The ODK Briefcase start from last [-sfl], start from date [-sfd] and export counterparts of these functions export start [-start] and export end [-end] are useful tools but have limitations when working with large numbers of submissions.

-sfl remembers the position of the last pulled instance and by doing so vastly speeds up pull operations, but the 'memory' of the last position is not stored as hardcoded data within the ODK Briefcase Storage folder so it is not portable between systems. This means that if the ODK Briefcase Storage folder is moved to another machine, the system resets to the first submission and has to read through from the start again. On long lived forms this could lead to dozens of hours of pulling and on very large submissions could fail entirely. We've observed significant server strain when performing this kind of "start from scratch" re-pulling after disasters struck.

-sfd is a potentially more controllable counterpart to -sfl but has no built in system to make the system aware of any previous pulls, meaning that for any automated system the -sfd date must be somehow stored in a coherent way and preferably within the ODK Briefcase Storage folder. In the OBD ecosystem we use -sfd in combination with a form specific nextpull.txt file. This file keeps track of when pulls have happened and is described below in detail. This system makes -sfd perform in an equivalent manner to -sfl but with more end-user control and with portability across machines, meaning that an ODK Briefcase Storage folder can be copied to a new machine and the pull process will resume as if nothing had happened.
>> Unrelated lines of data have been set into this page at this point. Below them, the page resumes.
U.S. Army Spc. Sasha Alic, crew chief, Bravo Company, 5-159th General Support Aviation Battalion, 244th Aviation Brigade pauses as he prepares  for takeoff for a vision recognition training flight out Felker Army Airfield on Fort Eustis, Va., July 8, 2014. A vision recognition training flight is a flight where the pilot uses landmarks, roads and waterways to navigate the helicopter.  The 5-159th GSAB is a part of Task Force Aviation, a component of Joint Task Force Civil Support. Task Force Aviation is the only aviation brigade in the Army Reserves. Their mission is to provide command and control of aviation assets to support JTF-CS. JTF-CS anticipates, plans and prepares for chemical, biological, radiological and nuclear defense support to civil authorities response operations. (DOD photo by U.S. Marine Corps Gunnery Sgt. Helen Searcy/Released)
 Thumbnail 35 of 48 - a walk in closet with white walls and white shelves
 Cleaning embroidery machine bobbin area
We use -start and -end during exports to make an appended export that is informed by the date information stored in the nextpull.txt file for each form. Like with the -sfd modifications we've made, this makes export processes aware of previous progress, recoverable from disasters and seamlessly portable across machines

The OBD system puts a firebreak between the pull/export activities and downstream analyses by containerising the former in one folder (Archiver) and the latter in an entirely separate folder (Analyser). The Analyser scripts simply copy the CSV files contained in the Archiver/Data/Output folder in to their own mirror folder Analyser/Data/Output meaning that any errors in downstream analysis that could harm the integrity of the living CSV files are isolated to the mirrored copies and are therefore harmless to the ones in the Archiver system.

Figure 1 : Schematic of OBD system : Android tablets running ODK Colllect send data to an instance of ODK Aggregate on a web-facing server. The scheduled ODK Archiver system, running on a secure private server, performs regular [i.e. daily] automatic pulls and exports of the data, backing everything up and maintaining portability. The scheduled ODK Analyser automatically pulls a copy of exported CSV files across a firebreak and runs downstream analysis in R and bash, creating reports, documents and an R workspace file. The reports and workspaces are copied across scp to a local workstation by users with sftp access to the secure server. The R workspace can be loaded to view and perform further analysis. Reports can be shared as is.

Requirements

The system requires some fairly standard linux/unix tools. Whilst the whole infrastructure will work on a single machine, even a laptop/Rpi etc, we designed it to work on three separate systems (a web-facing ODK aggregate server, a private server virtual machine and a local workstation)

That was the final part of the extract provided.